The governor of Hawaii on Tuesday visited protesters blocking the construction of a giant telescope on the state’s tallest mountain while acknowledging that their grievances were not just about a new observatory but also about the treatment of Native Hawaiians going back more than a century.
Activists met the governor with a nose-to-nose greeting called honi as he approached a tent where Native Hawaiian elders have been blocking a road prevent to construction equipment and crews from reaching the summit of Mauna Kea.
Some Native Hawaiians consider the summit sacred and believe building the Thirty Meter Telescope there will only do more harm to a site that already hosts more than a dozen observatories.
Hawaii News Now streamed the governor’s arrival live, showing protesters presenting him with lei and thanking him for coming.
Earlier in the day Ige said he would ask Hawaii County’s mayor to lead efforts to find common ground with the protesters.
The governor said in a statement he and Hawaii County Mayor Harry Kim understand that the issues go deeper than the telescope and were about “righting the wrongs done to the Hawaiian people.”
About 1,000 activists gathered Tuesday halfway up Mauna Kea in opposition to the $1.4 billion telescope, marking the ninth day of the protest. Over the weekend, crowds swelled to 2,000 people.
Ige indicated last week that he was willing to talk to protesters. But his visit and statement Tuesday were the first public steps he’s taken toward that end.
“We will be working together to determine next steps that are in the best interests of all the people of Hawaii,” Ige said in his statement.
Protest leader Kealoha Pisciotta said officials must consider not building the telescope on Mauna Kea.
She said she met previously with the mayor and governor without making any progress.

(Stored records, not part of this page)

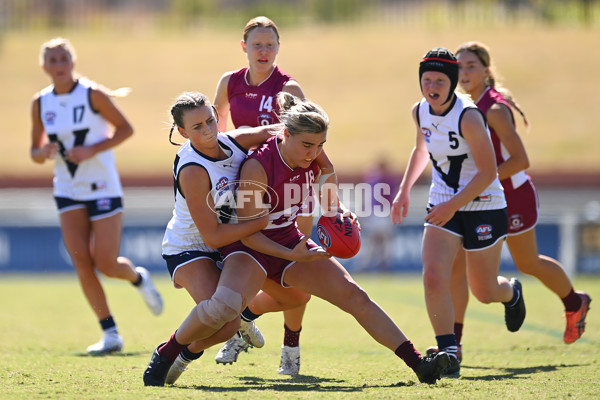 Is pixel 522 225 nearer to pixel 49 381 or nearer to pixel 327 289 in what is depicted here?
pixel 327 289

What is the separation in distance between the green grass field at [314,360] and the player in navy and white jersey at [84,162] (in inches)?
25.9

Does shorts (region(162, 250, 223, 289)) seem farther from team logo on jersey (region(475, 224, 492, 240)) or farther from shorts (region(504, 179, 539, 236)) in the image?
shorts (region(504, 179, 539, 236))

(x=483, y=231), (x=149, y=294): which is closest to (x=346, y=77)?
(x=149, y=294)

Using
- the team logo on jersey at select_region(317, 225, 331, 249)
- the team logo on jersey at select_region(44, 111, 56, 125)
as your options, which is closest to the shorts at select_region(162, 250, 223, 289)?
the team logo on jersey at select_region(317, 225, 331, 249)

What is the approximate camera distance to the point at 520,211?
5879 millimetres

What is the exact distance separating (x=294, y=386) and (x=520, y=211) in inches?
89.8

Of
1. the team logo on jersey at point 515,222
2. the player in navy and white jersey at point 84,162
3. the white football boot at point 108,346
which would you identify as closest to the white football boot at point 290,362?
the white football boot at point 108,346

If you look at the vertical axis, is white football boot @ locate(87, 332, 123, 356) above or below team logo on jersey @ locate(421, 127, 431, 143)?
below

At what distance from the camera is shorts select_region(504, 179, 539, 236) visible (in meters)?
5.87

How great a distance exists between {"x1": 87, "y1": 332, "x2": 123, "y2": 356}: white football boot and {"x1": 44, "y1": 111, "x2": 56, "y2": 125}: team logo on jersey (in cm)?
179

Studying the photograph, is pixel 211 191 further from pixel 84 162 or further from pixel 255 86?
pixel 84 162

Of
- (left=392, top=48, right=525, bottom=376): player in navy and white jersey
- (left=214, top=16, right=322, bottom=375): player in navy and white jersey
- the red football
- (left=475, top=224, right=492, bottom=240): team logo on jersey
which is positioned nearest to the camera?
the red football

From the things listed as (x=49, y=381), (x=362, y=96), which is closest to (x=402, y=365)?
(x=49, y=381)

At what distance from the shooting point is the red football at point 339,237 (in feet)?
15.1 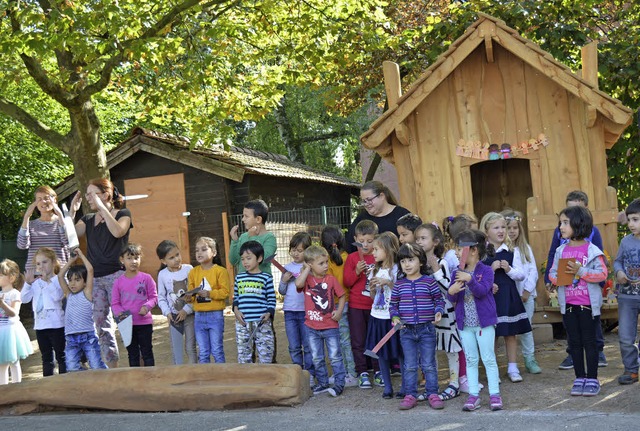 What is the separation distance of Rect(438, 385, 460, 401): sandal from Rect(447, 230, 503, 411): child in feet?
0.95

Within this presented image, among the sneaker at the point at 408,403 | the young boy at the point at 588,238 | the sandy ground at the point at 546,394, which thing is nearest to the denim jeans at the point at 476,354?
the sandy ground at the point at 546,394

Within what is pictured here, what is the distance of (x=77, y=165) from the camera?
1212 cm

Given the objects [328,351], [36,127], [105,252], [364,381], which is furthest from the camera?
[36,127]

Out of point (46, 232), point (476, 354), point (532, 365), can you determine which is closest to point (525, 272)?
point (532, 365)

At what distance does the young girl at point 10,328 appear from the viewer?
7.66 metres

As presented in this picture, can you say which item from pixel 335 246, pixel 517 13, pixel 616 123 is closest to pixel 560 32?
pixel 517 13

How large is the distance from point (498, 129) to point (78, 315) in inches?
180

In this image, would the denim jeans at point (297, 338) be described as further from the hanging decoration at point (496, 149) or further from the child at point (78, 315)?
the hanging decoration at point (496, 149)

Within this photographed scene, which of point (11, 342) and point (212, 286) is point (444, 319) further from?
point (11, 342)

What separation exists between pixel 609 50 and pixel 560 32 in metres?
0.67

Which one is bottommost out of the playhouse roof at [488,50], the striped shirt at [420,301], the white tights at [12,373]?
the white tights at [12,373]

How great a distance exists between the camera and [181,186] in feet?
56.8

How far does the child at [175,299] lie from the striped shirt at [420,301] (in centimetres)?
232

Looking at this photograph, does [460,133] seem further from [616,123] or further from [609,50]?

“We’ve done all of that. But it’s window dressing trying to get our buy-in,” Pisciotta said. “We really need people to honestly consider our positions this time.”
Much of the opposition has tapped into deep-seated grievances tied to the U.S.-backed overthrow of the Hawaiian Kingdom in 1893, clashes over water and land rights, and frustrations over tourism and the exploitation of Hawaiian culture.
A consortium of universities and national observatories is pursuing the telescope project, which they hope will allow them to peer back more than 13 billion years to early moments of the universe.
They want to build on Mauna Kea because it has some of the world’s best conditions for viewing the night sky.
There are 13 telescopes already on Mauna Kea’s summit. The protesters say building another would further desecrate the site.
In state court Tuesday, a panel of three judges ruled that Ige would need to modify an emergency proclamation he issued last week to allow one Native Hawaiian cultural practitioner to visit the summit for cultural and religious purposes.
Separately, another judge denied a motion filed by telescope opponents seeking a temporary restraining order to stop construction.